Selon l’He Allossohoun, le Bénin n’a pas deux constitutions comme beaucoup le font croire. Le Bénin, a-t-il clarifié, dispose d’une seule constitution, celle de 1990 qui a été révisée en 2019.

 

Quid du parrainage ?

Sur la question du parrainage, l’invité de zone franche a démontré que c’est la nouvelle configuration du parlement et des conseils communaux qui alimente la polémique. A l’entendre, il s’agit d’un parlement de transition et les parlementaires n’auront d’autres choix que de parrainer des candidats, même ceux de l’opposition qui présentent des projets de société convaincants. « Jusque-là, aucun candidat n’est allé me voir pour avoir mon parrainage. La compétition aura lieu. Le chef de l’État l’a dit lors de sa tournée. Les candidats sont libres d’aller vers qui peut les parrainer. La seule chose qui ne pourra convaincre, c’est le projet de société de ce dernier face à mon candidat que je soutiens. Je peux le parrainer sans pour autant faire campagne pour lui car il a son parti politique. Dans le contexte actuellement nous ne pouvons que soutenir tous ceux qui souhaitent être candidat », souligne-t-il. Il en profite et lance quelques pics à l’opposition : « Les aspirants candidats de l’opposition ont chanté tout le temps qu’ils ont le peuple avec eux. Nous les parrainerons afin qu’ils aillent convaincre les électeurs mais ils n’auront pas forcément notre soutien », a-t-il  au cours de l’émission.

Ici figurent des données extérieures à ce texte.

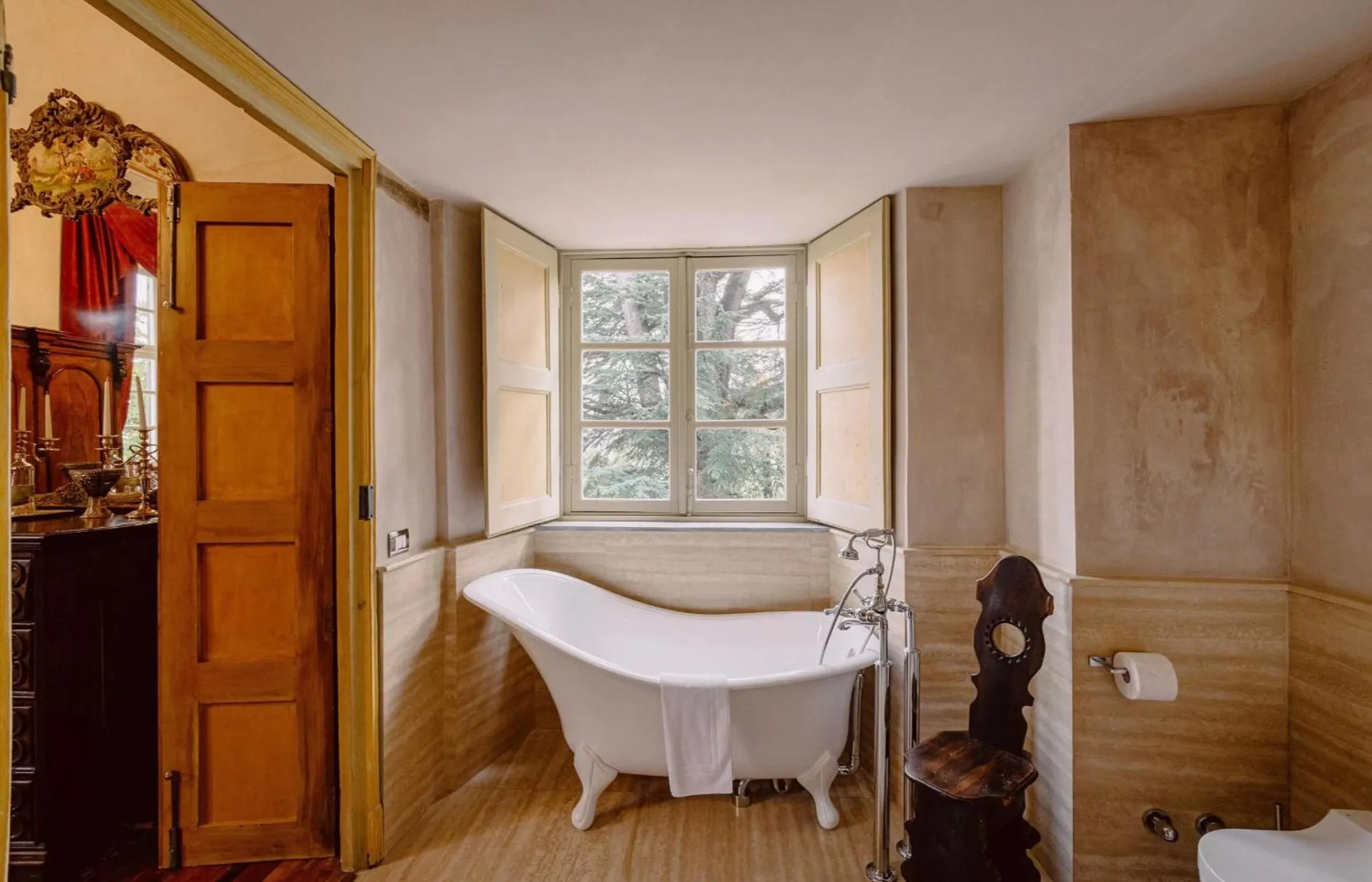 Bathroom, Bed in Castello di Casalborgone, Luxury Italian Castle Hotel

Revenant sur la demande  du constitutionnaliste Joël AIVO qui réclame un débat contradictoire avec un technicien du droit de la mouvance, Richard Allossohoun  estime que la question du parrainage est une question banale qui n’a pas besoin d’un juriste de haut rang.

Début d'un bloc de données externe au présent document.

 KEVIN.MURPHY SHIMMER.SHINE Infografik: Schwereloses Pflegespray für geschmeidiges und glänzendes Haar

En descendant sur le terrain politique dit-il, AIVO est sorti de sa zone de confort constitutionnel. Dès lors, dira-t-il, le débat ne peut se faire qu’avec un politique et non un technicien. La demande du constitutionnaliste AIVO qui voudrait qu’on aille chercher un juriste de haut rang dans les soutiens du régime actuel pour un débat contradictoire  selon le député de la 8ème législature est dénudée de toute  humilité. Lorsqu’on aspire à la magistrature suprême on va à l’école de l’humilité ; a-t-il conseillé. A défaut d’un débat contradictoire, il invite Professeur AIVO à venir éclairer le peuple sur la question.